The antihyperalgesic and antiedematous effects of triple dosing of URB597 (URB) in the LPS model are mediated through respective CB₁ and CB₂ mechanisms of action. A, URB reduced LPS-induced paw edema in both CB₁(−/−) and CB₁(+/+) mice. B, URB reduced LPS-induced hyperalgesia in CB₁(+/+) mice, but not in CB₁(−/−) mice. C, URB reduced paw edema in CB₂(+/+) mice, but not in CB₂(−/−) mice. D, URB reduced hyperalgesia in both CB₂(+/+) and CB₂(−/−) mice. URB (10 mg/kg i.p.) or vehicle was administered 1 h before and 6 and 23 h after LPS. Paw thickness values and hot-plate latencies were assessed at 24 h. *, p < 0.05, compared with corresponding LPS control group; †, p < 0.05 versus LPS-treated CB₁(+/+) or CB₂(+/+) control mice. n = six to eight mice per group. Data are depicted as means ± S.E.M.

Fig. 8.

No apparent role of TRPV1 was found in the antihyperalgesic and antiedematous effects of URB597 (URB) in the LPS model.
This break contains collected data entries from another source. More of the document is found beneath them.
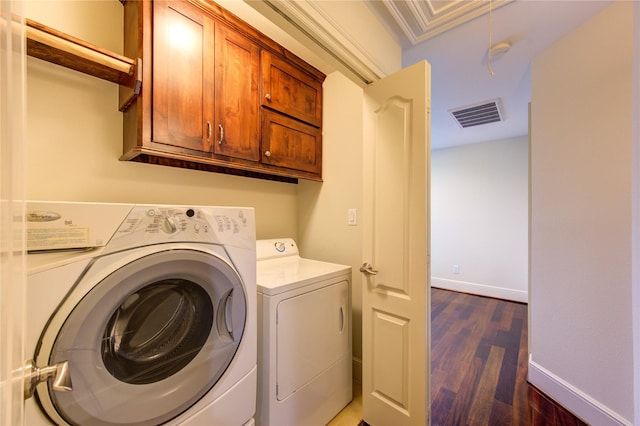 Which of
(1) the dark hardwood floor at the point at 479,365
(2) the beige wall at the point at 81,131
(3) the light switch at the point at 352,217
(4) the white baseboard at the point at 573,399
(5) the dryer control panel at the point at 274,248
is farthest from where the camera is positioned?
(3) the light switch at the point at 352,217

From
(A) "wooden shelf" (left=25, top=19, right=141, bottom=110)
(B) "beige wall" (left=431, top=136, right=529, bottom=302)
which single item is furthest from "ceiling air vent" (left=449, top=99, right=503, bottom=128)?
(A) "wooden shelf" (left=25, top=19, right=141, bottom=110)

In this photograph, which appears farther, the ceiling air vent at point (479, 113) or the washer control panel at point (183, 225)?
the ceiling air vent at point (479, 113)

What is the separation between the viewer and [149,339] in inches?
34.2

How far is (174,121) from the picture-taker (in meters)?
1.20

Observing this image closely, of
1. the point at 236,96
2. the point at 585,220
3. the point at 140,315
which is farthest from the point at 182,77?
the point at 585,220

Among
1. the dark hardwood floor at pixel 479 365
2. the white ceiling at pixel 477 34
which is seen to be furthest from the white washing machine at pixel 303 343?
the white ceiling at pixel 477 34

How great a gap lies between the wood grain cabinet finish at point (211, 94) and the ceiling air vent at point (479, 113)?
1.91 metres

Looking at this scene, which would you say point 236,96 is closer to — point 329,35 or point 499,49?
point 329,35

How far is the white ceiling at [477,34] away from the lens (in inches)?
53.7

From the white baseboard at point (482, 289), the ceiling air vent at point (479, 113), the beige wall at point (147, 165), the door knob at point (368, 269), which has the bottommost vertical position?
the white baseboard at point (482, 289)

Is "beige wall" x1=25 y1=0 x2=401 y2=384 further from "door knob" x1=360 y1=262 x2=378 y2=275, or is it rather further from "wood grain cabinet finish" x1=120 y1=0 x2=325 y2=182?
"door knob" x1=360 y1=262 x2=378 y2=275

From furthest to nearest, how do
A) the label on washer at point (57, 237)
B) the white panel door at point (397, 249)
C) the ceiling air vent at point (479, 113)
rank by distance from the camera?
the ceiling air vent at point (479, 113), the white panel door at point (397, 249), the label on washer at point (57, 237)

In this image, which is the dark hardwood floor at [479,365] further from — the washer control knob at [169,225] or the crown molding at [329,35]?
the crown molding at [329,35]

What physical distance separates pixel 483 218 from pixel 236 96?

The TRPV1 antagonist capsazepine (CPZ) failed to prevent either the antiedematous (A) or the antihyperalgesic (B) effects of URB. Subjects were given an intraperitoneal injection of URB (10 mg/kg) 1 h before and 6 and 23 h after intraplantar LPS. The mean ± S.E.M. hot-plate latency before LPS administration was 13.4 ± 0.3 s. Subjects received CPZ (5 mg/kg i.p.) 10 min before each injection of URB597. *, p < 0.05; **, p < 0.001 versus vehicle-vehicle (Veh-Veh). n = 10 mice per group. Data are depicted as means ± S.E.M.

Fig. 9.

Dexamethasone (DEX) and URB597 (URB) reduce proinflammatory cytokines. URB (10 mg/kg i.p.), DEX (2 mg/kg i.p.), or vehicle (VEH) was administered 1 h before and 6 and 23 h after LPS. The mice were humanely euthanized at 24 h, and paws were harvested. Pretreatment with URB or DEX significantly attenuated LPS-induced IL-1β expression (A) and TNF-α (B). ***, p < 0.0001 compared with the vehicle plus saline (VEH+SAL) group. †, p < 0.05; ††, p < 0.01; †††, p < 0.001 compared with VEH+LPS group. n = 12 mice per group. Data are depicted as means ± S.E.M.